Ерхо Ину не поскупился.
Проводница подводит меня к жаровне и, положив руку на затылок, заставляет склониться.
Ниже, Аану.
Разве тебе есть чего бояться? Огонь выползает из трещин на углях. Алые цветы на черных камнях. Он раскрывается лепесток за лепестком, тянется ко мне, опаляет жаром, но, так и не коснувшись лица, бессильно опадает.
И где-то далеко, громко и гулко, звонит медный колокол – пришла невеста.
Ладонь, давившая на затылок, исчезает, как исчезает и сама Проводница, зато двенадцать плакальщиц просыпаются. Они вскакивают и вскидывают руки, так что широкие рукава сползают до самых локтей, обнажая худые предплечья с сеткой шрамов. Сегодня появятся новые.
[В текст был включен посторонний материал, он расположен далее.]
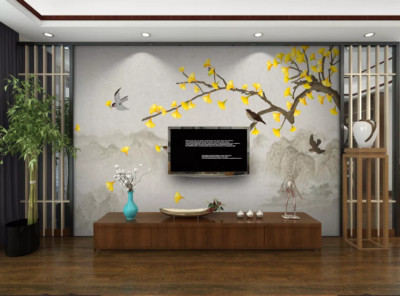 3D Ginkgo Blätter M01216 Tapete Wandbild Selbstklebend Abnehmbare Aufkleber Romy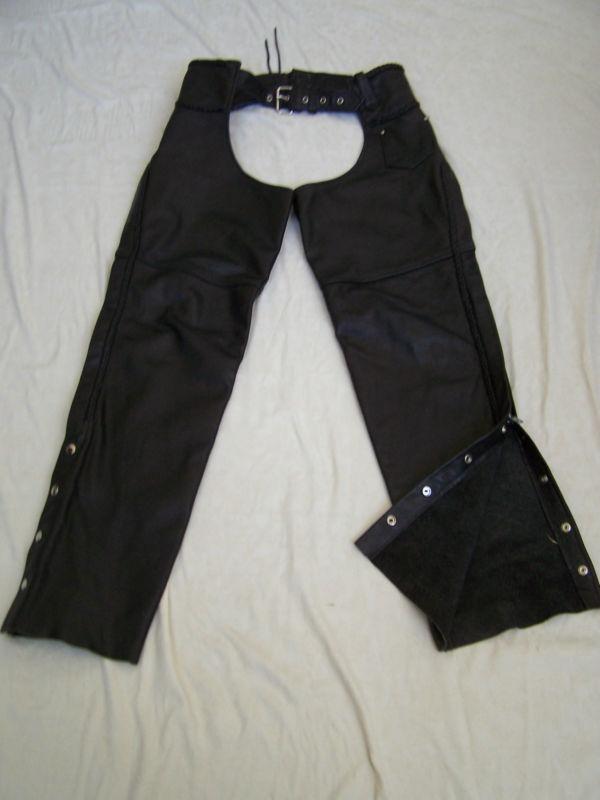 Women's black leather braided motorcycle  biker chaps by xelement size 16 # 0445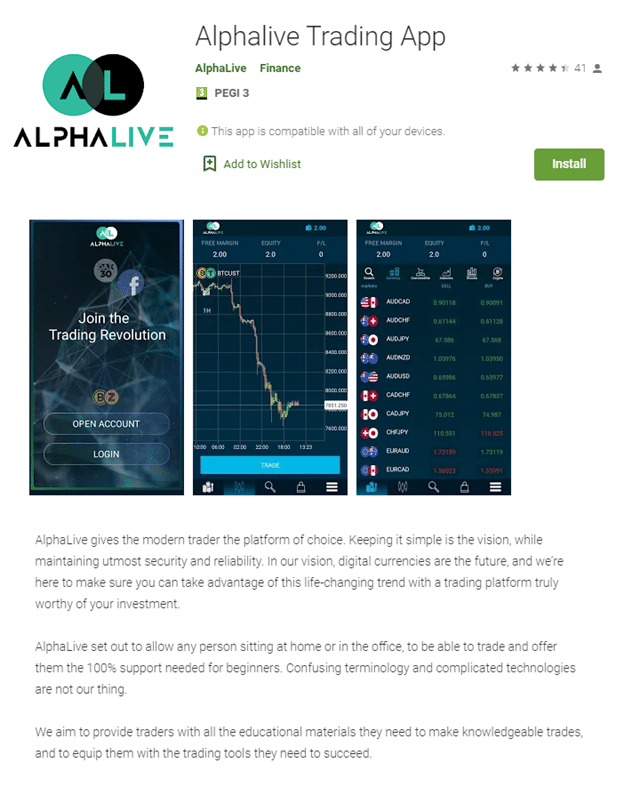 AlphaLive Trading app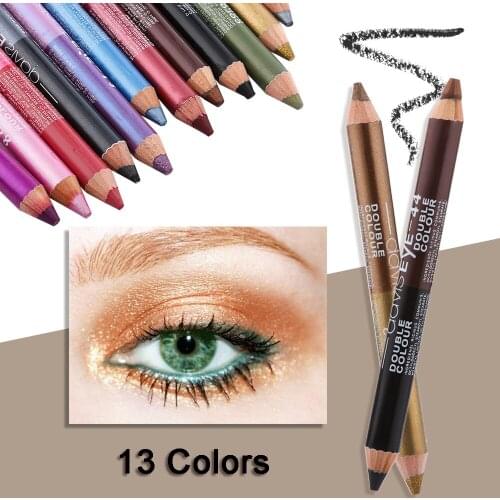 Double-Ended Glitter Eyeliner Pencil Highlighter Glitter Eyeshadow Eyeliner Pen Durable Waterproof Sweatproof Eyes Makeup Tools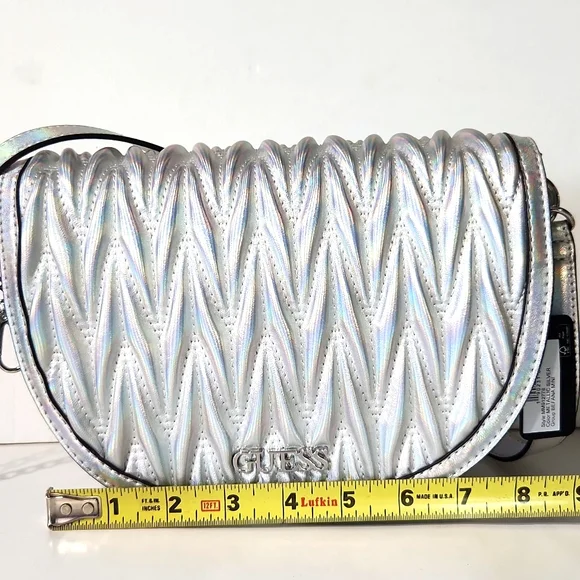 NEW! GUESS Metallic Silver Mini Shoulder Bag with Crossbody Strap - Picture 9 of 16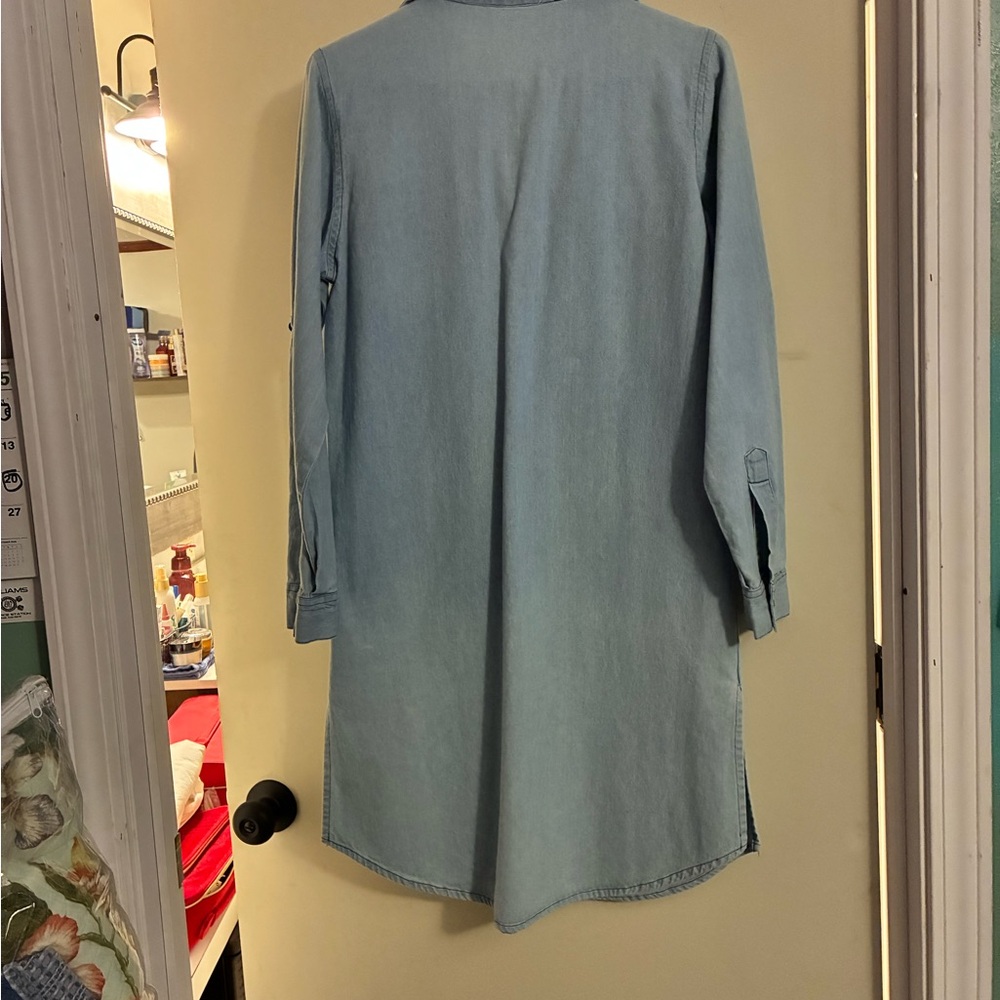 Light Blue Lace-Up Denim Dress (M) Tag Is Not Readable Newly Dry Cleaned - Picture 6 of 6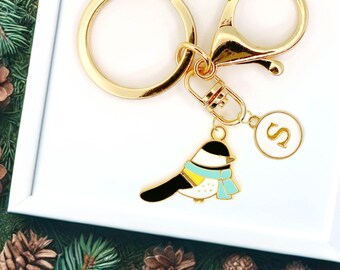 Great Tit Bird Keychain with Blue Scarf – Cute Enamel Winter Charm for Nature Lovers and Birdwatching Fans-K-A040-5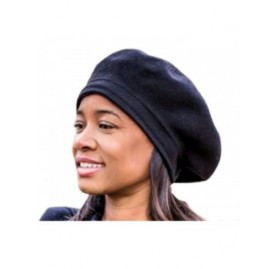 Berets Winter Hat for Women - Satin-Lined Wool Beret for Ladies - Black-roomy Style - C618YYKW2YT $14.91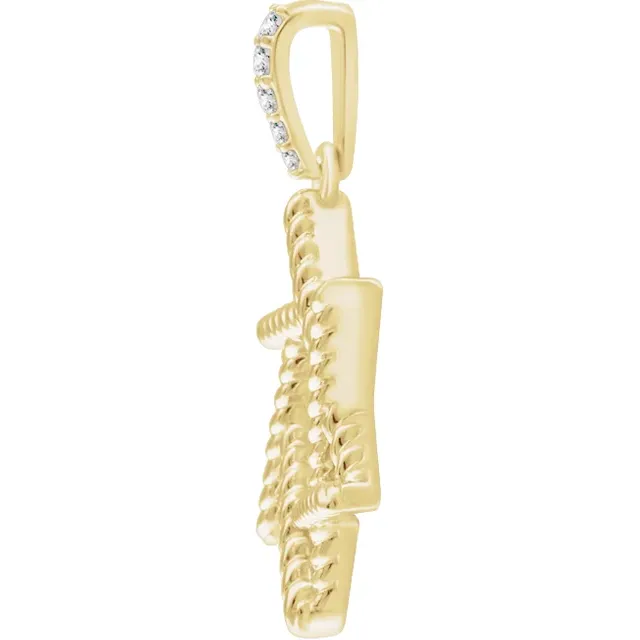 14K Yellow .025 CTW Diamond Star of David Pendant-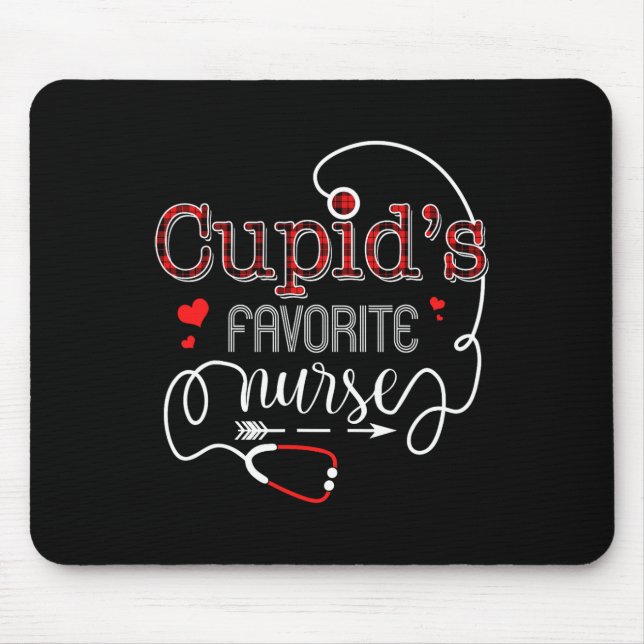 Cupid's Favourite Nurse Valentine Day Nursing Medi Mouse Pad (Front)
И костяные, скрюченные пальцы привычно терзают плоть. Из сомкнутых губ раздается вой. Этот звук, рожденный двенадцатью полуслепыми, полубезумными женщинами, отражается от стен. Свечи пляшут, не в силах выдержать притворного горя.
Мне же хочется бежать.
Нельзя, Аану.
Слушай.
Сегодня ты, Аану Ину, исчезнешь. Чужие слезы сотрут твое имя, а белый погребальный саван, который набросили на мои волосы, укроет лицо.
Нельзя спуститься в нижний мир, не расставшись с верхним. И руками плакальщиц боги перережут пуповину твоей жизни. Пусть рыдают, терзают руки и кормят огонь кровью, выказывая глубину своего лживого горя. А ты слушай.
Голоса дурманят так же, как и дым, что поднимается над жаровней. И толстая женщина, мать двенадцати сыновей – другим не позволено ходить по грани, – подбрасывает на угли куски ароматной смолы. Та плавится, растекаясь по пеплу желтоватыми солнечными лужицами.
И вспыхивает белым.
Слушай, Аану. И смотри.
Эта женщина идет к тебе, переваливаясь с ноги на ногу. И огромные ступни ее босы, а живот нависает массивным шаром, он колышется при каждом шаге, и ты вдруг вспоминаешь того толстяка… Он ведь понял. Все понял.